Reading between the lines a little here, I'd say that Judge Rakoff is knocking the SEC for two things: 1) generally being lax on regulation and enforcement and 2) its common practice of not demanding admissions of wrongdoing. Essentially, if the SEC is going to be bothered to enforce the law, it must be pretty darn important.
By the next paragraph, it's no longer necessary to read between the lines:
H
ere, the SEC's long-standing policy -- hallowed by history, but not by reason -- of allowing defendants to enter into Consent Judgments without admitting or denying the underlying allegations, deprives the Court of even the most minimal assurance that the substantial injunctive relief it is being asked to impose has any basis in fact.
Judge Rakoff also notes that allowing these kinds of settlements does not conclusively settle the allegations raised by the initial lawsuit. "As a matter of law, an allegation that is neither admitted nor denied is simply that, an allegation." In fact, case law supports the idea that once a consent judgment is entered, it cannot be used as evidence in subsequent litigation. By refusing to allow the settlement, the Judge is implicitly stating that he does not want to prevent further lawsuits against Citigroup that are based on the allegations brought in the SEC lawsuit.
The Judge also tears into the motivations of the parties in crafting such a settlement. He notes that Citigroup has violated past consent judgments, that Citigroup would escape the instant lawsuit with a fine that can be described as "the cost of doing business," and that only has minor preventative remedies that only last for three years. If ever there was a slap on the wrist, this settlement is it.
In finding that the settlement was not fair, reasonable, adequate or in the public interest, the Judge stated:
It is not reasonable, because how can it ever be reasonable to impose substantial relief on the basis of mere allegations? It is not fair, because despite Citigroup's nominal consent, the potential for abuse in imposing penalties on the basis of facts that are neither proven nor acknowledged is patent. It is not adequate, because, in the absence of any facts, the Court lacks a framework for determining adequacy. And, most obviously, the proposed Consent Judgment does not serve the public interest, because it asks the Court to employ its power and assert its authority when it does not know the facts.

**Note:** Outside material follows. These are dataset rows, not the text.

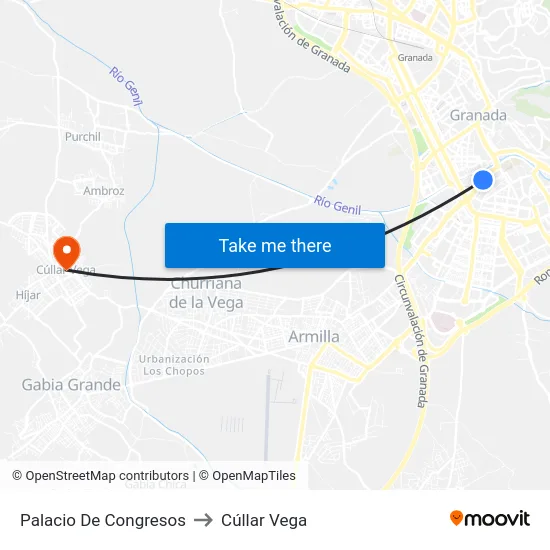 Palacio De Congresos to Cúllar Vega map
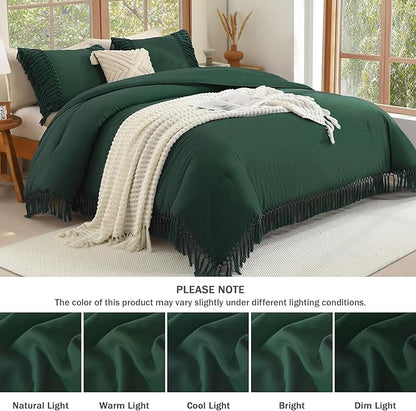 Andency Emerald Comforter Set California King, 3 Pieces Boho Tassel Lightweight Soft Bedding Comforter Sets for King Bed, All Season Fluffy Fringe Bed Set (104x96In Comforter & 2 Pillowcases)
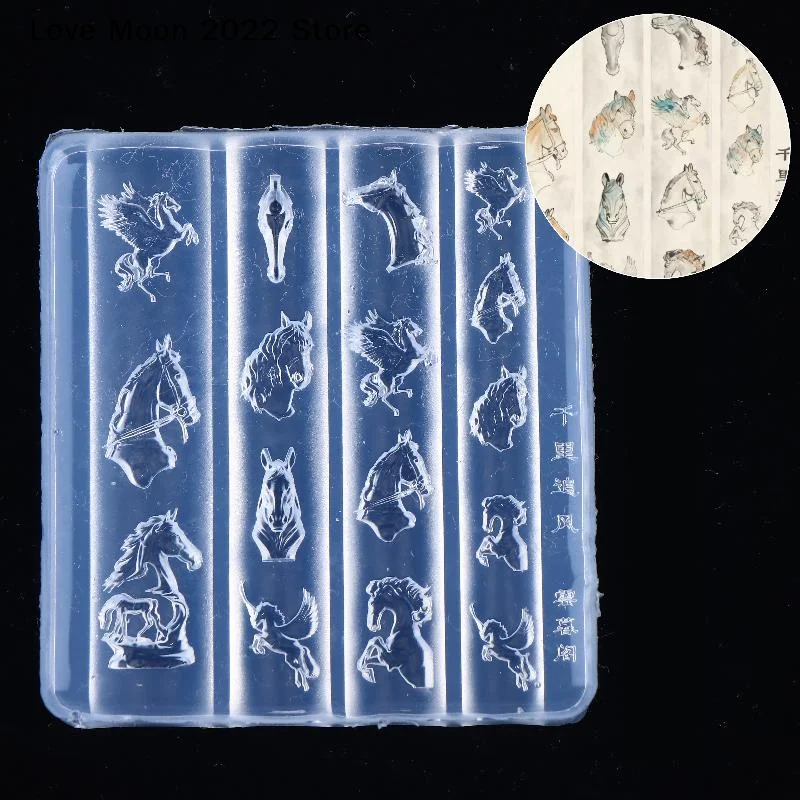 Kawaii Transparent Embossed Horse Head Silicone Nail Mold Mixed Sized Shaped Carving Stamping Plates DIY Manicure Art Mould Tool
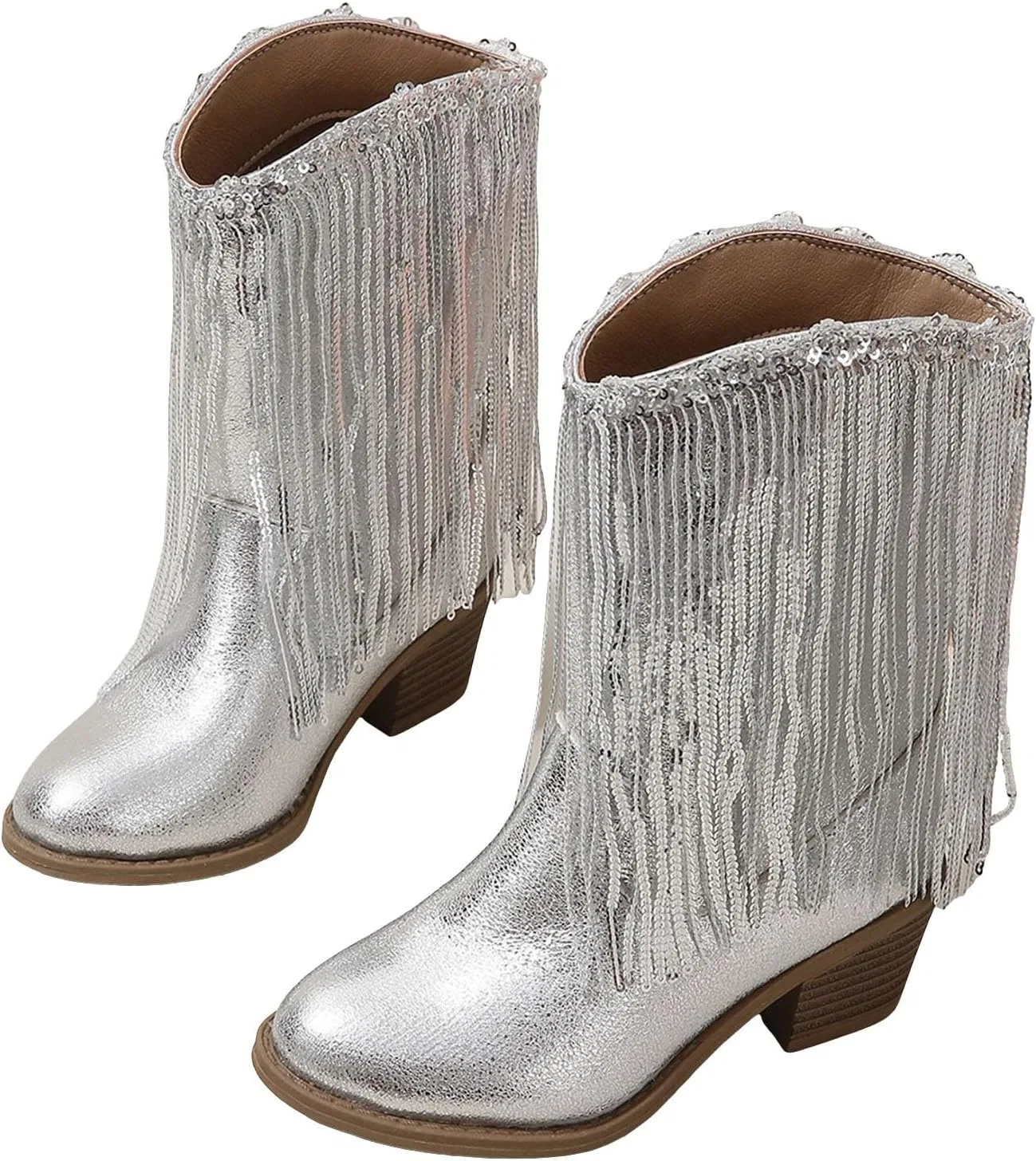 Детские сапоги для девочек с бахромой Western Style, Silver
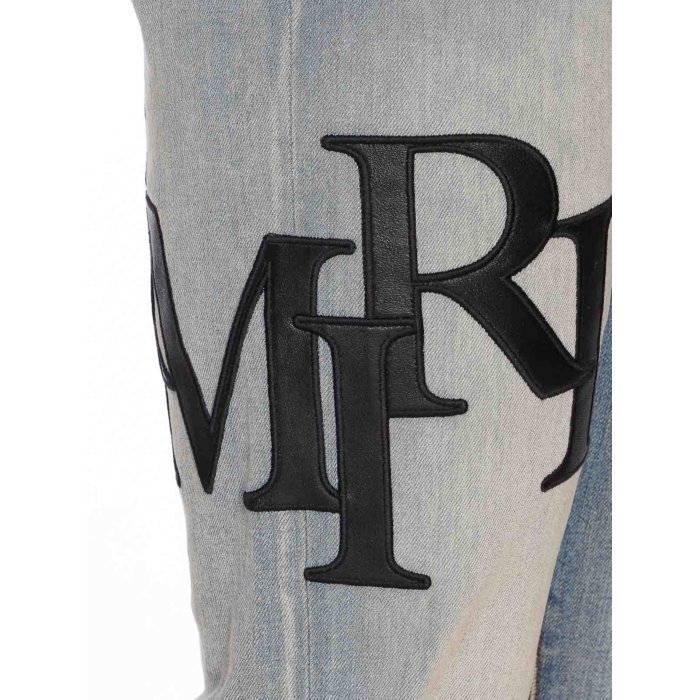 アミリ AMIRI Staggered Embroidered Logo Jeans DNSY1114ANTIQUEINDIGOBLACK Men ジーンズ Blue 31 【送料無料・関税込】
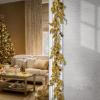 imageHGTV Home Collection Unlit Artificial Christmas Garland Metallic Gold Laurel Leaves Flexible Vine Base Unlit 6 Feet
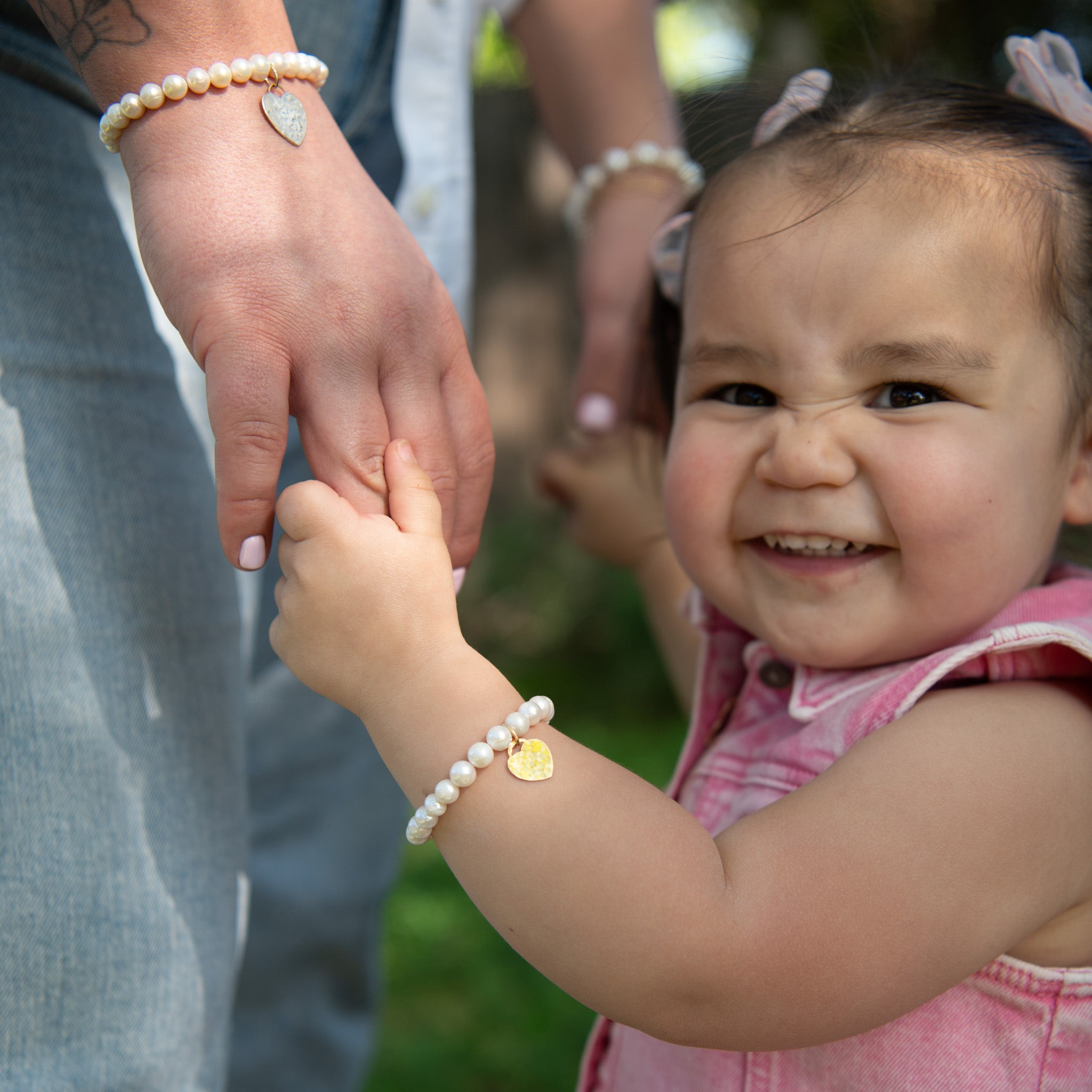 Kid's Freshwater Pearl & 14k Gold Filled Heart Bracelet - Jewel Ya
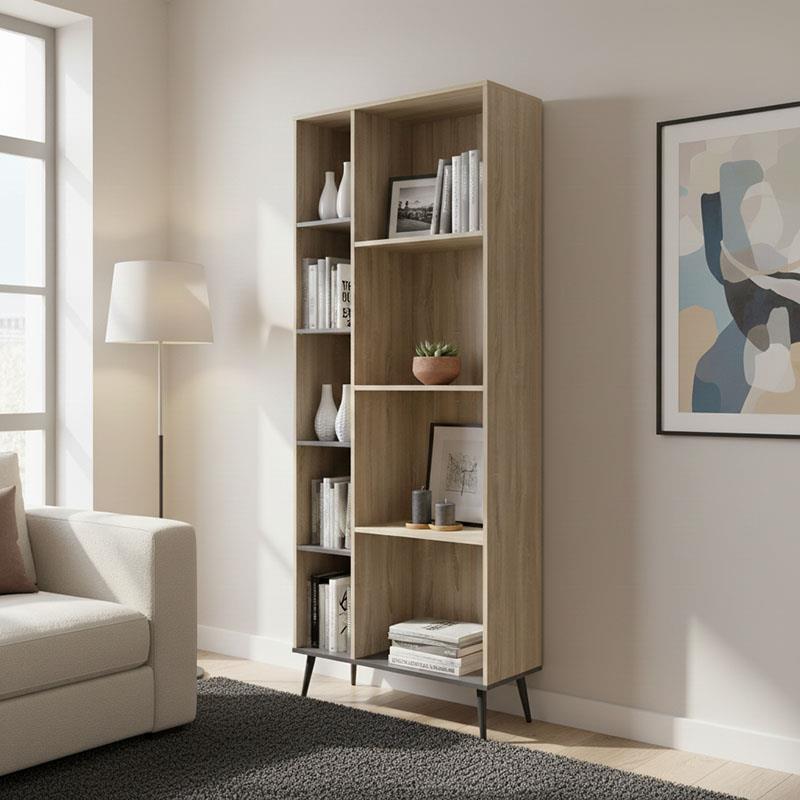 Βιβλιοθήκη Zezan σε sonoma-ανθρακί απόχρωση 76.5x30x200.5εκ Βιβλιοθήκη Zezan σε sonoma-ανθρακί απόχρωση 76.5x30x200.5εκ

An application of judicial power that does not rest on the facts is worse than mindless, it is inherently dangerous. The injunctive power of the judiciary is not a free-roving remedy to be invoked at the whim of a regulatory agency, even with the consent of the regulated. If its deployment does not rest on facts -- cold, hard, solid facts, established either by admissions or by trials -- it serves no lawful or moral purpose and is simply an engine of oppression.
That oppression, by the way, comes at the hands of some less-than-transparent financial markets and how they led to the current economy. Judge Rakoff acknowledges as much in his opinion, chiding the SEC for not fulfilling its mission to see that the truth emerges. Barring a consent judgment that admits to guilt, it appears that SEC v. Citigroup is set for trial on July 16, 2012.
I almost want to be in the gallery for this trial. I'm curious to see if Judge Rakoff is as sharp of a speaker as he is a writer.
At the end of the day, this is a massive victory for those seeking some truth about the financial meltdown, as well as those who simply want to see the rule of law enforced.